You may be asking yourself if I thought there was anything good in the movie, and I will say that there were a few, enough to avoid the dreaded “Spergon Wynn” rating. As bad as the chemistry was between Ioan Gruffudd as Mr. Fantastic and Jessica Alba as the Invisible Woman, the give and take between Michael Chiklis as The Thing and Chris Evans as the Human Torch was excellent. I expected nothing less from Chiklis, who is far and away the best actor in this franchise, but Evans surprised me. Not only was his little-brother-as-a-loving-pest interactions with Chiklis much more believable, he also demonstrated some true acting ability in showing Johnny’s insecurity and frustrations, other than just the out of control ego.
And as stated, the final battle scenes, while not exactly stimulating intellectually, are visually eye-popping. As good as anything seen from X-Men or Spider-Man.

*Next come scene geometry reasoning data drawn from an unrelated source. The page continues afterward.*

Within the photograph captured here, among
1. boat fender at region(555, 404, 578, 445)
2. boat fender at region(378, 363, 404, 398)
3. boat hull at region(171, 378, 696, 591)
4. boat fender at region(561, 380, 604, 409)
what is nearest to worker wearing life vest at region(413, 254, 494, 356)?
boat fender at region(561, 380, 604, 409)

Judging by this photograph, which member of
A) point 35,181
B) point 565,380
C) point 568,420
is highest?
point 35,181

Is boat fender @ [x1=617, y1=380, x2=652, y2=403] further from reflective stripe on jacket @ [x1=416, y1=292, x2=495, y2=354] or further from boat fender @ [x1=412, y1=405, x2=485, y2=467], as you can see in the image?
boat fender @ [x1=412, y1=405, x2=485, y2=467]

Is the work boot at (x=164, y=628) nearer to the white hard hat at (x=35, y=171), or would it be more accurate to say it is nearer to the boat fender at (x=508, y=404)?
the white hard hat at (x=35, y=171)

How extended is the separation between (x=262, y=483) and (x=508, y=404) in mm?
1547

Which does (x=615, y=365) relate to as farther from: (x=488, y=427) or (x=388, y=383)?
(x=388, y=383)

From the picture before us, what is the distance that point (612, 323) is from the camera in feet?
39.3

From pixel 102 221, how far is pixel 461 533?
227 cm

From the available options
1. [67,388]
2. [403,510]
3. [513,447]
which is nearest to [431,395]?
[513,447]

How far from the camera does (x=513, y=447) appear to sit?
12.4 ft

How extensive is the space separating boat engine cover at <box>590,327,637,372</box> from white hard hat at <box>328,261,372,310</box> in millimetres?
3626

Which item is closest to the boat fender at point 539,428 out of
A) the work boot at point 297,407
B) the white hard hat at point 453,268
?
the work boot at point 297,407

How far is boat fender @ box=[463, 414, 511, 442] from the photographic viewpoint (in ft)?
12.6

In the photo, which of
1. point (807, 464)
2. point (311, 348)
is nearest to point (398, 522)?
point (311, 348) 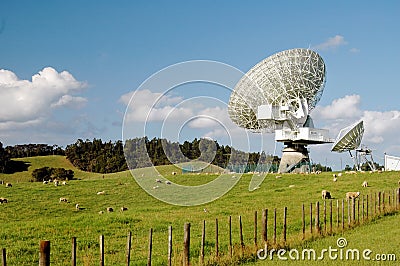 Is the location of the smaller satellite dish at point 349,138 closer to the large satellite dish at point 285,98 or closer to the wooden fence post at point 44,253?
the large satellite dish at point 285,98

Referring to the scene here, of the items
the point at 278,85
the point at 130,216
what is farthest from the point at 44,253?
the point at 278,85

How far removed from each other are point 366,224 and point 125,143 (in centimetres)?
887

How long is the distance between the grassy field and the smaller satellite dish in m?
13.0

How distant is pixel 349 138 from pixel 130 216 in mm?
40129

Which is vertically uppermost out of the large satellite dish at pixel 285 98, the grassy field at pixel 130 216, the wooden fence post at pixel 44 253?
the large satellite dish at pixel 285 98

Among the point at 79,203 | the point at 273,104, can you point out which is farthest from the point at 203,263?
the point at 273,104

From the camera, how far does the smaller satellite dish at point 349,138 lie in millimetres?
56469

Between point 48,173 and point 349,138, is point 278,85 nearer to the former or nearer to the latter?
point 349,138

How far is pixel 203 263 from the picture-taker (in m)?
11.5

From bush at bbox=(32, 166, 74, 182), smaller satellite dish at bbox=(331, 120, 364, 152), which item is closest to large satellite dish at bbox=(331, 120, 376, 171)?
smaller satellite dish at bbox=(331, 120, 364, 152)

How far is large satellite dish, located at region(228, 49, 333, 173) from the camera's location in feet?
185

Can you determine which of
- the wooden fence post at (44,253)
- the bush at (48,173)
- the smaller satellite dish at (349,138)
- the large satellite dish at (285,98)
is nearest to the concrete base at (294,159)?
the large satellite dish at (285,98)

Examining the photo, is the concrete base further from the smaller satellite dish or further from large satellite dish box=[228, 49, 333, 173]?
the smaller satellite dish

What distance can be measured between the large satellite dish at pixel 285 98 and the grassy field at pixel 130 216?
12.4 m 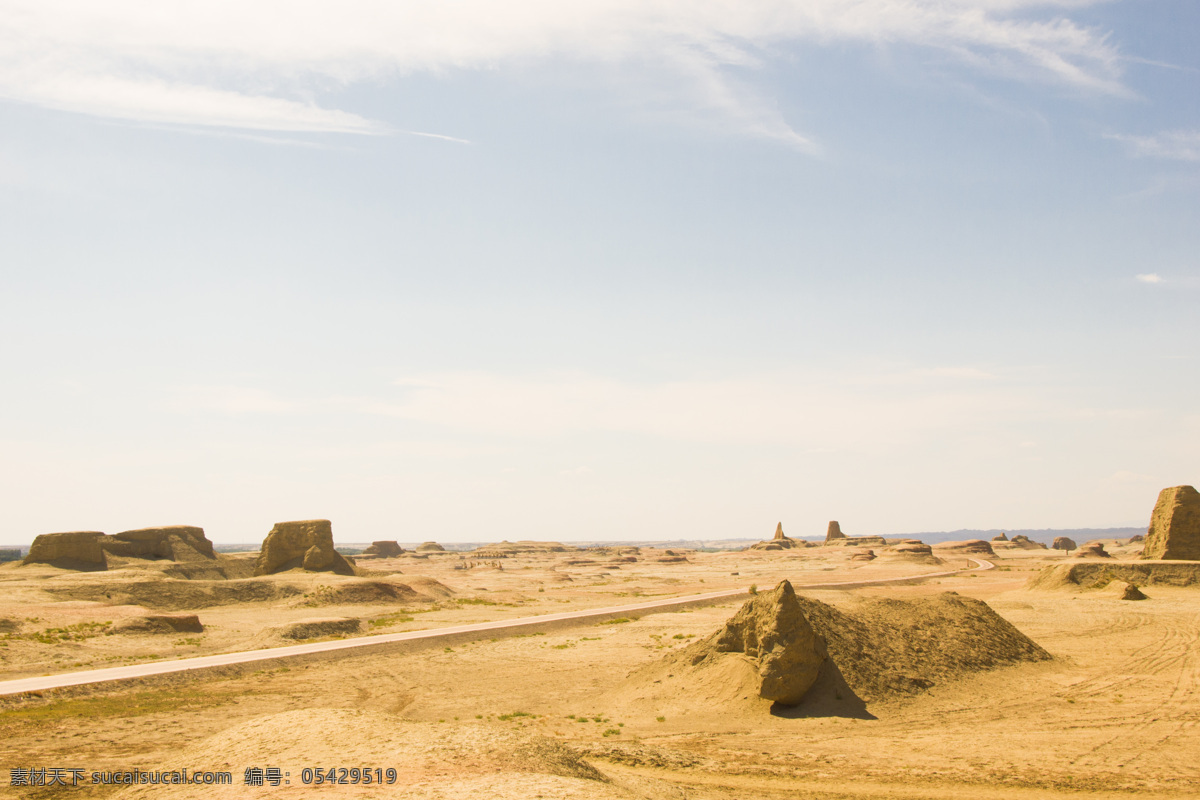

It’s just a shame that the potential of a great series has once again been squandered by an incompetent director and writing staff, compounded with very questionable casting. Guffudd is a good actor in period pieces, but he is just awful in this role. And as beautiful as Jessica Alba is, she is just totally wrong for the part of the uber-WASP Susan. Whoever the idiot was who decided to try to make her look more like the comic-book version by sticking a pair of blue contacts on the exoticly dark complexioned Alba needed to be fired, it was even more phony looking than her bleached blonde hair.
I honestly had more fun watching “Ghost Rider”. At least in that one I expected camp and stupidity, which is what I got…but at least it was entertaining camp and stupidity, aided by great wink-at-the-camera, over the top performances from Nicolas Cage and Sam Elliot.
This one goes down in the same category as last year’s Super Hero disappointment, “X-Men: The Last Stand”. A muddled mess with flashes of special effects enjoyment.
My Rating: Tim Couch (1 ½ footballs).
Review Key: Otto Graham: Over 4 Footballs. HOF quality movie Bernie Kosar: 4 Footballs. Excellent Brian Sipe: 3 ½ Footballs. Very Good Frank Ryan: 3 Footballs. Good, solid film. Bill Nelsen: 2 ½ Footballs. OK. Worth seeing at the theater. Kelly Holcomb: 2 Footballs. Disappointingly inconsistent but some bright spots. Rent it on DVD. Tim Couch: 1 ½ Footballs. Poor. Had potential, but lack of support led to an overall stinker. Jeff Garcia: 1 Football. Horrible. All hype; no performance. Mike Phipps: ½ Football. “We gave away Paul Warfield for THIS?” level of suck Spergeon Wynn: No Footballs. UberSuckitude personified.